Now, if the collection problem is "susceptible of analysis and the drawing of reasonable conclusions", so is the determination of actually how many pages of the 14-million currently photocopied were from copyrighted sources.

First, we propose that publicly-supported, "not-for-profit”, libraries be required, in this public interest, to keep track of the number of pages photocopied from each work bearing a copyright notice in their collections, and report this information periodically to whatever copyright-royalty clearing house facility is established to handle the situation. (This does not apply to coin-operated copying machines furnished by commercial operators where the librarian has no control over the operation by patrons of the library-these are subject to the excise tax on their metered-output, but no reports are required).

We would like to emphasize that the librarians' responsibility for copying machine usage does not require any more bookkeeping than logging and accumulating the amount of pages copied by users of the copying machines under the library's control, and identifying the source-items bearing a copyright notice and the quantities copies therefrom.
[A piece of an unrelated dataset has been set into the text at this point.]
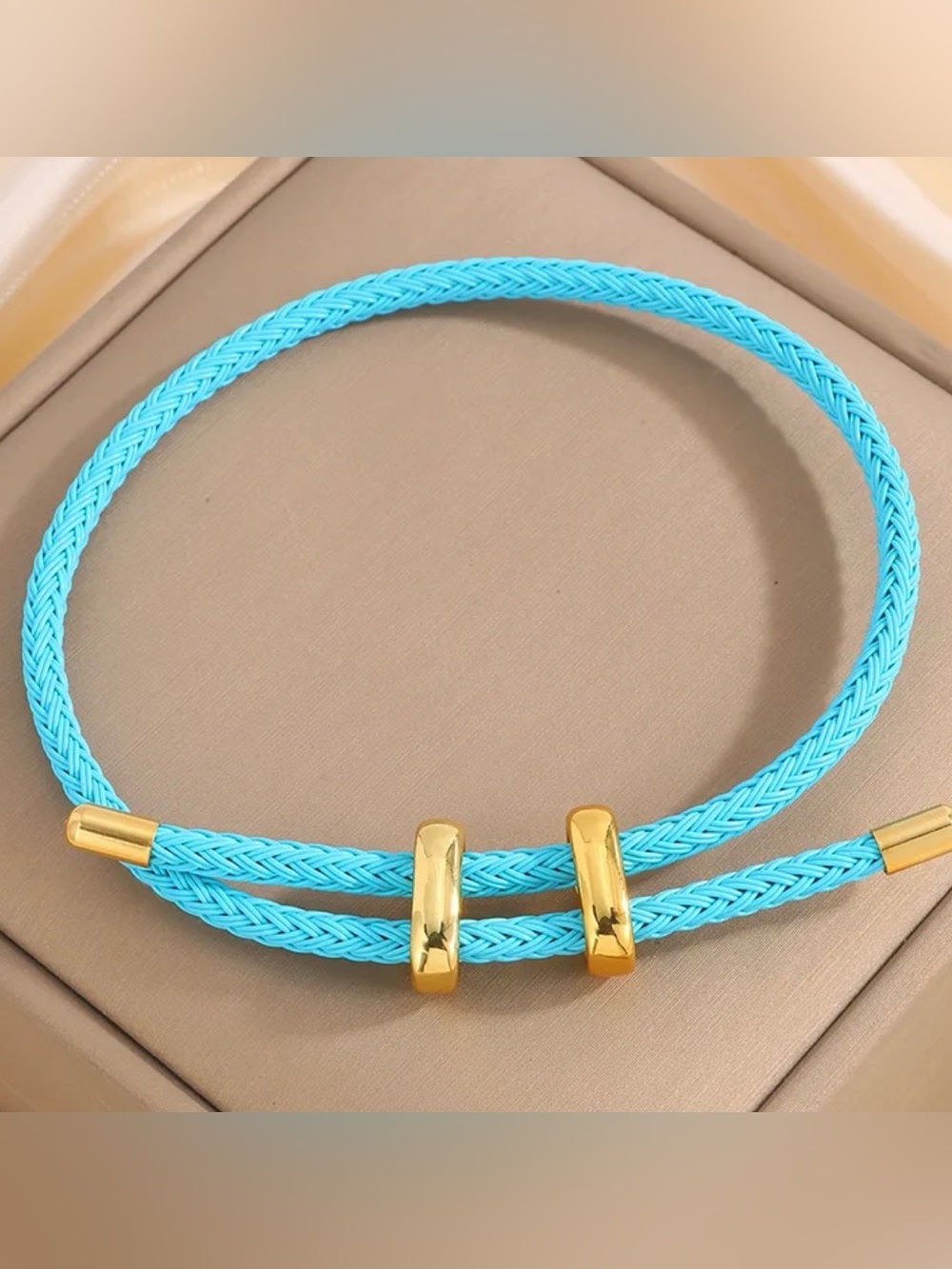 Luxe Turquoise Braided Cord Bracelet with Gold Double Bar Accent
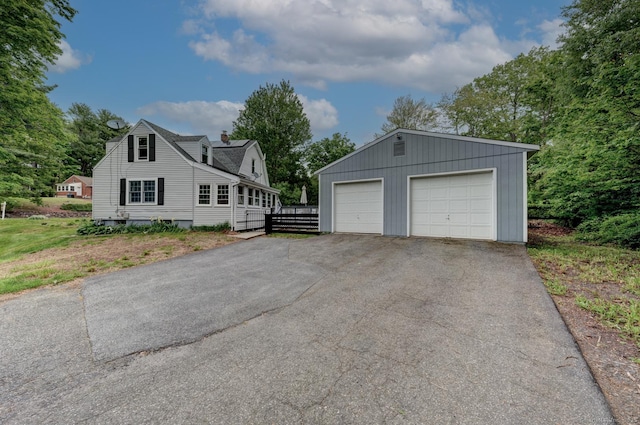 140 College Ave, Torrington, CT 06790 - view of home's exterior featuring an outbuilding, a garage, and a chimney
It is reportable if it bears a copyright notice (from 1910 on)-as pointed out later, royalty distribution will be made only (by the Clearing House) if the copyright is valid and the owner requests participation.

We would also like to re-emphasize that this is no more than a straight, simple record-keeping operation, much of the labor of which can be handed over to the patron desiring photocopies.

What would this information, reported by all publicly-supported libraries yield?

A national picture of hom many times each copyrighted work was copied― a national sum of just how much copying of copyrighted works is done by patrons of "not-for-profit" libraries-a national sample of the relative copying-popularity of copyrighted works that can be a reasonable basis for extrapolating the total copying of each copyrighted work.

Again, common-sense and reasonable accommodation must play a role.
If, from this "quantifiable" procedure we find out :

(1) what percentage of the total of last year's 14-billion photocopies were processed by "not-for-profit" libraries serving all types of patrons in government, in all types of business, commerce industry, and in science, technology and education, and

(2) the frequency to which each copyrighted book and journal was copied, we at least have the beginnings of a basis for distributing royalties to the copied copyright owners. In short, we now know that (for purposes of illustration) say, 500-million out of the 14-billion photocopies made can be accounted for by "notfor-profit" libraries.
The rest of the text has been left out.